Fish and seafood are among the top ten commodities considered by EU as the most at risk for frauds.
Species substitution is the most frequent fraud in seafood, i.e. selling a species different from that declared on the label. Mislabelling was found in more than 30% of the analysed species.
Usually this fraud implies the substitution of valuable species with less valuable ones, but this commercial fraud can have other implications, like health problems, in case of toxic or allergenic species, or ecological issues, in case of overexploitation of some species illegally labelled as less endangered species.
Currently, fish species identification is based on mainly two different methods:
1) identification by the naked eye, on the basis of morphological characters;
2) DNA analysis.
1) The first method has the advantage of being performed directly at selling points, but it needs experienced personnel, like veterinary officers, and it relies on a subjective judgement and only on features clearly distinguishable by an experienced human eye. For these limitations not many controllers are so confident in claiming a substitution fraud, just relying on their own evaluation.
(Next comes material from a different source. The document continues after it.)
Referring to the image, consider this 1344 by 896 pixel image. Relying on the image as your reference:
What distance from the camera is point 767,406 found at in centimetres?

2) DNA analysis, on the other hand, is a very accurate method for species identification, but it has to be performed in a laboratory, implying costs and a limited throughput. Moreover, sampling of fishes for DNA analysis can interfere with the production line and samples must be taken according to current laws on official controls.
Objective of the FISHUB project is to develop a software framework to be used on the field, by both un-experienced and professionals people, to detect species substitution. The F.I.S.H. software will be able to identify the species of a fish from its picture; it will be composed of a photos database and a machine-learning server for image analysis and classification, and will be accessible through a user-friendly App for mobile phones and other portable devices.
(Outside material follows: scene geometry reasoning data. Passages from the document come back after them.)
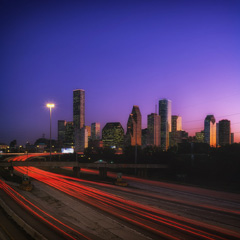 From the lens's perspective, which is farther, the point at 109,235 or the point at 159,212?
the point at 159,212

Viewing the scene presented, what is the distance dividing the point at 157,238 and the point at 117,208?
10021mm

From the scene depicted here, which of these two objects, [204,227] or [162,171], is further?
[162,171]

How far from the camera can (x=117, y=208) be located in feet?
87.7

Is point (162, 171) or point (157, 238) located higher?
point (157, 238)

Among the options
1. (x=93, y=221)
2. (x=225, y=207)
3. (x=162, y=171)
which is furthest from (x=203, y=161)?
(x=93, y=221)

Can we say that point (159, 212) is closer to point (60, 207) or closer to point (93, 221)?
point (93, 221)

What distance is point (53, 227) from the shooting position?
19.2m

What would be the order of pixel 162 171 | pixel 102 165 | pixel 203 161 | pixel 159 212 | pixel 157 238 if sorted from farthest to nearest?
pixel 162 171
pixel 203 161
pixel 102 165
pixel 159 212
pixel 157 238

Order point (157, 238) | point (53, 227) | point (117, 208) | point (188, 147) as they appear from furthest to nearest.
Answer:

Two of the project partners already developed in 2015 a Proof-of-Concept software framework able to correctly classify the species Engraulis engrasicolus (European anchovy) and Sardina pilchardus (sardine) from photos taken with a mobile device. The project, presented at Expo To 2015, received a lot of media attention demonstrating, besides its feasibility, also its relevance to the current food market, and to the concerns of the general public about the quality of everyday food.
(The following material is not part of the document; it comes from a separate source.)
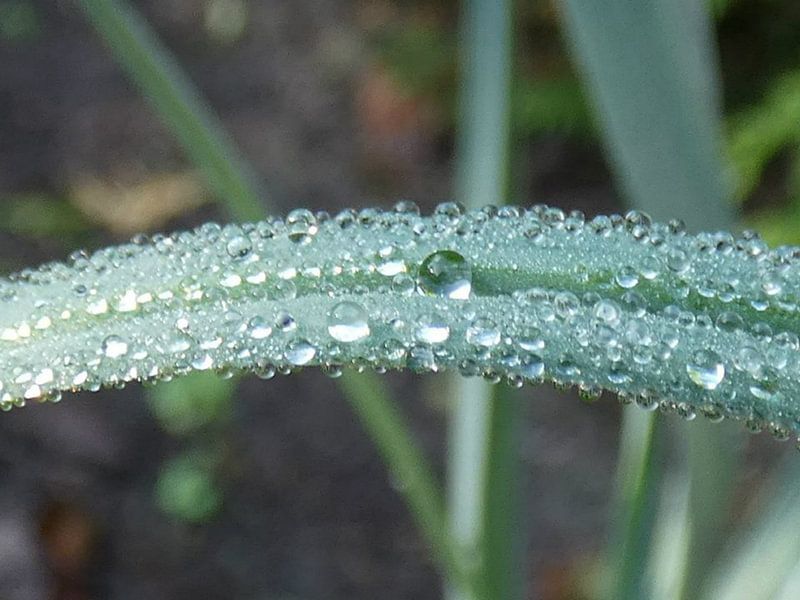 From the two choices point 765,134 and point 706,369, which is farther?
point 765,134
A software able to identify fish species through a picture taken by a mobile phone would overcome the limitations of the two previously discussed methods.
Image analysis techniques are able to take into account morphological features that would be extremely difficult to detect with the naked eye (e.g. colour textures, geometrical ratios between selected fish measures, relative dimensions and placement of particular fish features like fins, eye, etc…).
It could indeed be applied at selling points, on a high number of specimens, without any cost and interference with the production line. It could be used also by un-experienced end-users, being based on objective results, making controllers more confident and motivated to carry out this kind of controls, and widening the range of application, like in internal audits by food companies or in surveys by consumer associations.
Suspect samples identified by the App can also be sent to a laboratory for confirmation by DNA analysis, making this test more cost-effective.